- Location: Charterhouse, Somerset
- OS grid: ST 4774756201
- Coordinates: 51°18′09″N 2°45′03″W﻿ / ﻿51.302558°N 2.750806°W
- Depth: 228 m (748 ft)
- Length: 4,868 m (15,971 ft)
- Elevation: 255 m (837 ft)
- Geology: Limestone
- Access: Locked; access by permit with an approved leader; no novices
- Cave survey: The Geological Conservation Review
- Registry: Mendip Cave Registry

= Charterhouse Cave =

Cave in Somerset, England

Charterhouse Cave, on the Mendip Hills in Somerset, is the deepest cave in southern England.

== History ==

Charterhouse Cave was first excavated in 1972. By 1977 the Sidcot School Speleological Society had reached Bat Chamber, although the first main breakthrough into the system was made in 1982.
Active exploration continues and breakthroughs were made in April 2008 when 300 m of passage big enough to walk through was discovered, and again when the Portal Pool Sump was passed in May 2009 revealing another 500 m of passage. Continued exploration in 2010 and 2011 brought the cave to its current length and depth

== Access ==

The cave is situated on land owned by Somerset Wildlife Trust. Because of the various well-preserved formations in the cave, the entrance blockhouse is kept locked and access is restricted to those with permits issued by member clubs of the Charterhouse Caving Company. For the same reason, no novices or cavers aged under 16 are allowed to enter.

== Description ==

The cave has three large chambers, Midsummer Chamber, The Citadel, and Times Square; The Citadel is almost as large as the chambers in GB Cave and Lamb Leer. There are a number of long, fairly straight passages which are approximately 2 m across and the same high.

Various parts of the cave contain delicate formations, including Forbidden Passage, Midsummer Chamber, The Citadel, The Grotto of the Singing Stal, and the First and Second Inlets.
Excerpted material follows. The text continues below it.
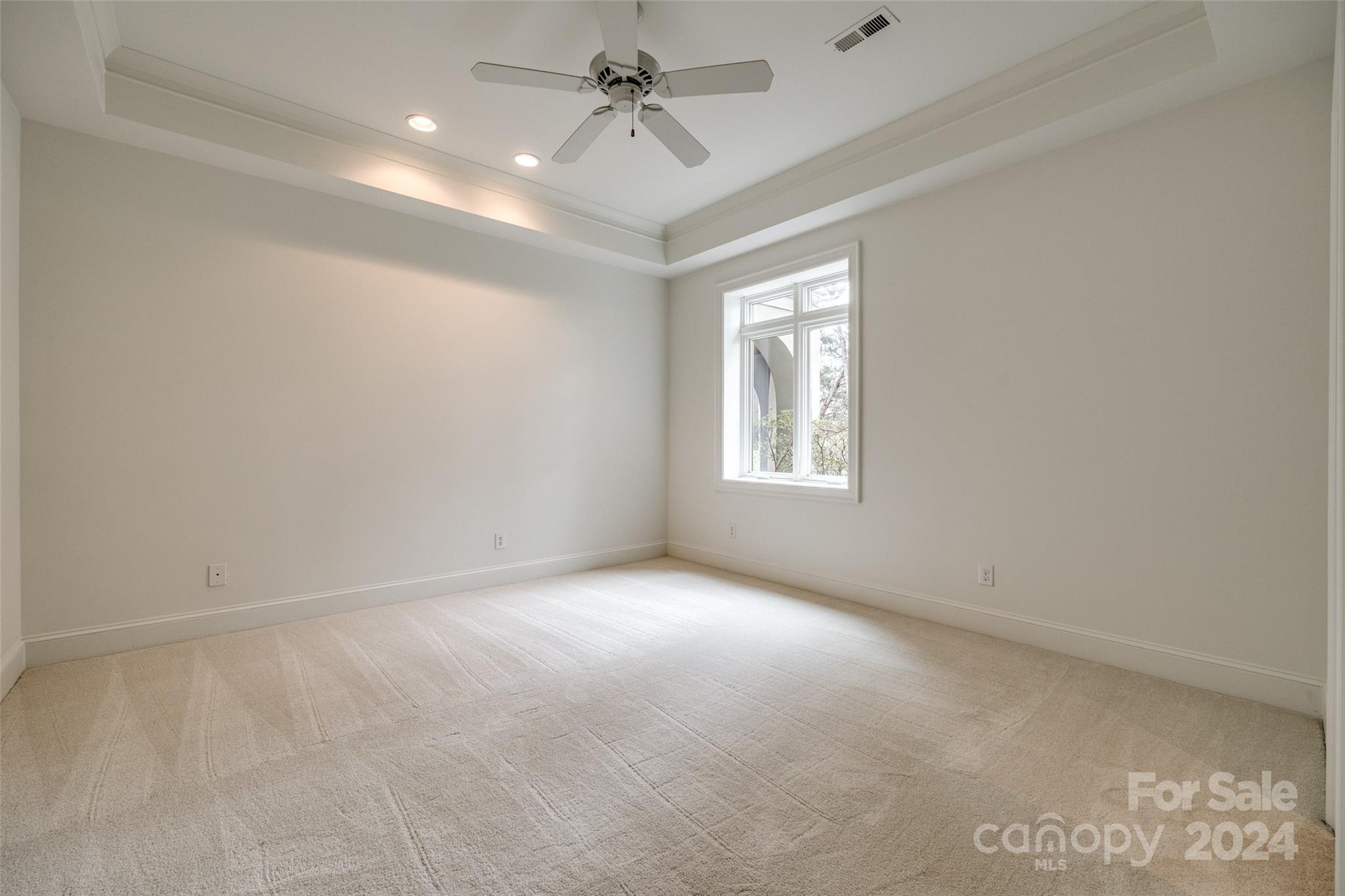 Ballantyne Country Club - Residential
When Portal Pool Sump was passed in May 2009, about 500 m of new passage was discovered, as well as a number of side-passages. Surveys conducted after the breakthrough in May 2009 show approximately 1000 m of passage, with an estimated 500 m unsurveyed plus a number of leads yet to be explored. The surveys have also confirmed the depth at over 200 m.

The stream in nearby GB Cave flows into Charterhouse Cave and ultimately rises near Gough's Cave in Cheddar Gorge, approximately 2 km away.

== Fauna ==

There is a hole in the concrete blockhouse over the entrance to the cave to allow the entrance of bats.

The insect life found within the cave is fairly typical of caves on the Mendip Hills, including a number of troglophiles and troglobites such as the freshwater shrimp (niphargus fontanus) and the springtail (onychiurus schoetti).